Nvidia's DreamDojo Open-Sourced for Robot Training
Nvidia has open-sourced DreamDojo, a world model designed for training robots. The platform provides a testbed for sim-to-real transfer, multi-agent environments, and scalable reinforcement learning. The repository is intended to be a starting point for engineering teams building agentic robotic systems.

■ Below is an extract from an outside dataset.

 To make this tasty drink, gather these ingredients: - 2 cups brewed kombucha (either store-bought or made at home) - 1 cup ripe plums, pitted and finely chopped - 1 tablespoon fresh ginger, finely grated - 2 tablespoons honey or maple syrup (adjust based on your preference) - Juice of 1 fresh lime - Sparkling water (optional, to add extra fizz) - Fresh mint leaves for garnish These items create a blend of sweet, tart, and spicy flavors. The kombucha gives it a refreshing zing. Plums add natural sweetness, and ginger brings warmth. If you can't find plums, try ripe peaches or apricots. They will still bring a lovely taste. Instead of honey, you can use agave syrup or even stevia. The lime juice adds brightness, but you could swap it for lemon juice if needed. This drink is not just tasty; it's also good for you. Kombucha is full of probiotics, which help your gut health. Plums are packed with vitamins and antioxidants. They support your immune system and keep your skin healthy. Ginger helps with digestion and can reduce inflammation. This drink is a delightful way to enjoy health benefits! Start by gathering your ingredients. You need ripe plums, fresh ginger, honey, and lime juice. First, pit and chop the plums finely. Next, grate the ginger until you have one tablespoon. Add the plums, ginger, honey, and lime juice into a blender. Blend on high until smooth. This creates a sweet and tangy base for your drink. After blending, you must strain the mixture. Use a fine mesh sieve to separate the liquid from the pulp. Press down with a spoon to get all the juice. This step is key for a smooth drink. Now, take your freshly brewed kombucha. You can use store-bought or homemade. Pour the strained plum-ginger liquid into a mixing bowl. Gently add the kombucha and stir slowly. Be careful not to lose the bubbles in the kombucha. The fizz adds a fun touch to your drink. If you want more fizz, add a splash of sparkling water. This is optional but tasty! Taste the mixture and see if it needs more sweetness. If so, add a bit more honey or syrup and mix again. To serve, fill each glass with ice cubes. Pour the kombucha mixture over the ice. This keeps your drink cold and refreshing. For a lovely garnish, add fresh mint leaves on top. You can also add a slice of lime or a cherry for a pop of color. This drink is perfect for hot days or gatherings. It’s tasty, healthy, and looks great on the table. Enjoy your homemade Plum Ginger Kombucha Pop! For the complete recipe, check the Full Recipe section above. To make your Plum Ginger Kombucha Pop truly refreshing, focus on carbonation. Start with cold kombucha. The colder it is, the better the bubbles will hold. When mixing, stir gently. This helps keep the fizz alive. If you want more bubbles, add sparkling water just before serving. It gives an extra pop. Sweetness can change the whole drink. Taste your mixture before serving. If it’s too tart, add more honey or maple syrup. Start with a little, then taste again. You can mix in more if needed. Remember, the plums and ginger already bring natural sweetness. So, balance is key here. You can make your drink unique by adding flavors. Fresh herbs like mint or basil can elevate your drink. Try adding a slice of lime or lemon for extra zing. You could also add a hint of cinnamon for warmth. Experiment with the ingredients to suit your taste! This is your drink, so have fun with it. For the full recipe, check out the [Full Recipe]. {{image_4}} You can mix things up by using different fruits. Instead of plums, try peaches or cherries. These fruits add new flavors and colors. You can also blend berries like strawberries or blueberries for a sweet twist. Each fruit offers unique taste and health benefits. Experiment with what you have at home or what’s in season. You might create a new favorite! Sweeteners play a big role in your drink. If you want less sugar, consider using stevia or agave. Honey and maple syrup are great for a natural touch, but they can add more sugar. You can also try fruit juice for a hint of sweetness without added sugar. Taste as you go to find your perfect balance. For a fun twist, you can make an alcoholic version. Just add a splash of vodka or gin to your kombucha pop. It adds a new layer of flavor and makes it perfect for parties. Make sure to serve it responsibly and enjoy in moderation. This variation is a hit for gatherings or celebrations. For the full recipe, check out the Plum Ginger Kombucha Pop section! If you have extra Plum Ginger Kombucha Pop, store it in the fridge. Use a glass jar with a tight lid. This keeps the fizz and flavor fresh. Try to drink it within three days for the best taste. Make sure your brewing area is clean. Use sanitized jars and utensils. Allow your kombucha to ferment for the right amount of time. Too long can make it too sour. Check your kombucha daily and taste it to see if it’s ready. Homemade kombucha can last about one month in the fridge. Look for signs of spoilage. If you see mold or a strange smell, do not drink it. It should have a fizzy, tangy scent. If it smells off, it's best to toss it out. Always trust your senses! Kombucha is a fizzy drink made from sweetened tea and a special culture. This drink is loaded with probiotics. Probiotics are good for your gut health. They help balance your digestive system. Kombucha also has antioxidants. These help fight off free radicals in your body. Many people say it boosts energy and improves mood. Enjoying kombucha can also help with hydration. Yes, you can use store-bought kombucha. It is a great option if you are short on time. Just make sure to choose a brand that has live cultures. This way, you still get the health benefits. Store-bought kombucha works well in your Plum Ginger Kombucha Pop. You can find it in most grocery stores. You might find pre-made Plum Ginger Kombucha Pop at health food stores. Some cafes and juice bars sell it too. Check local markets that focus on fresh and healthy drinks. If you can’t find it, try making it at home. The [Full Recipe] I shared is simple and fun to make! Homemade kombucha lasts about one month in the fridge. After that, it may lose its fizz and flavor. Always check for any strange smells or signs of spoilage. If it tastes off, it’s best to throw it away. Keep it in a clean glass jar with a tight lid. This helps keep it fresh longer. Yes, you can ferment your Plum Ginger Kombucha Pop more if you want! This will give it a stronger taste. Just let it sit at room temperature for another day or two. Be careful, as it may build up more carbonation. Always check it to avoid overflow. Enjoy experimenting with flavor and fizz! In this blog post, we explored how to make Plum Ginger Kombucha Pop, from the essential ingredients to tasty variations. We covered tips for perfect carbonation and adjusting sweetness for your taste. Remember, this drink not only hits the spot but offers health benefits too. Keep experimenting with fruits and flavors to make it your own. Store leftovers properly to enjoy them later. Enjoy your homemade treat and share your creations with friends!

- DreamDojo is pretrained on a massive dataset of 44,711 hours of first-person human videos, which allows it to learn general physical rules before being fine-tuned for a specific robot's hardware. - This "Simulation 2.0," as Nvidia's Director of AI Jim Fan calls it, generates a simulated future in pixels without needing a traditional physics engine or 3D models. - To bridge the gap between human video and robot actions, the system uses "latent actions," which are 32-dimensional vectors that represent the critical motion between video frames. - A distilled version of DreamDojo can run in real-time at over 10 frames per second, enabling live VR teleoperation and model-based planning. - The pretraining for the 2B and 14B model variants required 100,000 NVIDIA H100 GPU hours. - DreamDojo is part of a broader Nvidia ecosystem for robotics, which includes Isaac Lab for physically-based simulation and Project GR00T, a general-purpose foundation model for humanoid robots. - The simulated success rates in DreamDojo show a very high correlation (Pearson r=0.995) with real-world performance, allowing for reliable policy evaluation without physical deployment. - DreamDojo builds on Nvidia's open-weight model, Cosmos, and all its components—weights, code, and datasets—are open-source to encourage community development.